Reinsurers should be willing to stand should to shoulder with their ceding companies and provide more proportional reinsurance products for casualty business as a means of overcoming the shortage of growth opportunities, Aon Benfield has said.
Speaking on the first day of the industry's annual Rendezvous in Monte Carlo, executive chairman Michael O'Halleran described current conditions in the reinsurance sector as "tranquil" after a testing 2011 has been followed by benign ceded catastrophe conditions in 2012.
"The one thing that will be concerning everybody is what do we do next?" he said, referring to the challenges facing reinsurers to grow their top line and convince investors of their value proposition.
Aon Benfield said offering new products in the casualty reinsurance space could provide a "great opportunity" for growth if carriers were willing to adapt their approach to underwriting these lines.
"There is a lot of interest from clients for both property and casualty reinsurance as a capital solution, not just for reinsurance risk transfer solutions. If we can marry up those types of interests together and align them, there is a great opportunity for growth," O'Halleran explained.
Ceding companies currently view reinsurers as unwilling partners on casualty business that look to rig the deck in their own favour, he added.
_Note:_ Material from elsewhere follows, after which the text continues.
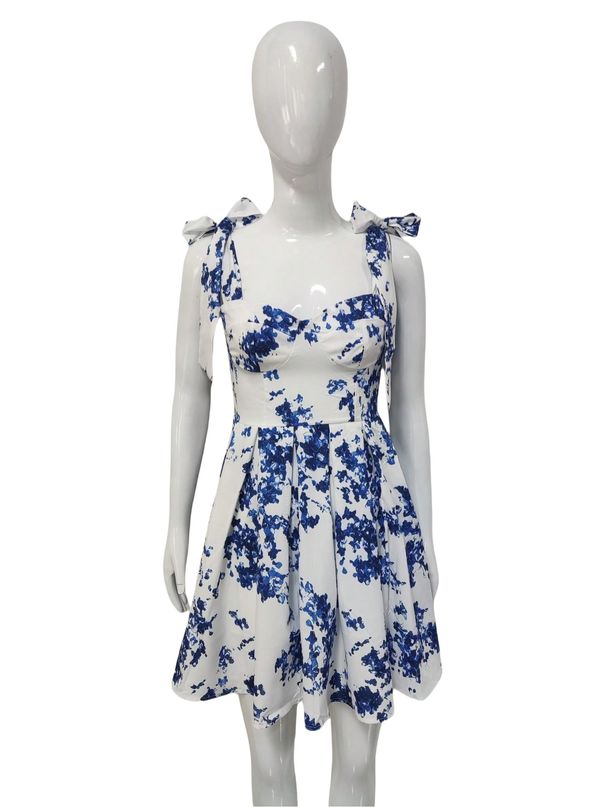 Women's Elegant Floral Print Tie Belt Bodycon Mini Dress – French Style Fall Party Gown 2026_ecoleips.com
"Unless reinsurers are willing to offer a much broader and more 'follow the fortunes' approach to casualty reinsurance, that line of business will continue to go down further and further," he warned.
Demand for reinsurance products for nearly all non-cat exposed business has declined materially over the past decade, Aon Benfield's chief strategy officer Bryon Ehrhart said.
Carriers had been slow to adapt to loss trends in the sector, making their products less relevant to what Aon Benfield describes as the "disappearing risk".
"In the underlying areas of casualty treaty, casualty facultative, property treaty and non-catastrophe - those have all seen declines in demand for reinsurance," he said.
"It's obvious now that the product that reinsurers have been selling for the last decade was the wrong product. Our clients have seen a decade of declining frequency, and quite manageable severity growth in that decade," he added.
One of the emerging themes of the Monte Carlo gathering so far is the challenge facing reinsurers chasing organic growth with stagnant economies in core markets.
With 2011 catastrophe losses in the Asia Pacific region still fresh in the mind, many in the industry are also still in the process of reassessing their approach to risks in emerging markets, particularly with catastrophe risk where carriers tend to have access to inferior data on loss histories and where model coverage is less available.
With the Monte Carlo meeting the traditional start to the shadow boxing match between brokers and risk carriers ahead of the 1 January reinsurance renewals, Aon Benfield pointed to record reinsurance capital of $480bn, improved profitability of reinsurers at the end of H1 and low ceded reinsurance losses as primary drivers of downwards pressure on rates.
However, it added there were opportunities to tap into demand for life reinsurance solutions as well as casualty reinsurance products.
Co-CEO of Aon Benfield Dominic Christian also pointed to opportunities stemming from the introduction of Solvency II regulations in Europe as a potential source of demand for products around reserving risk.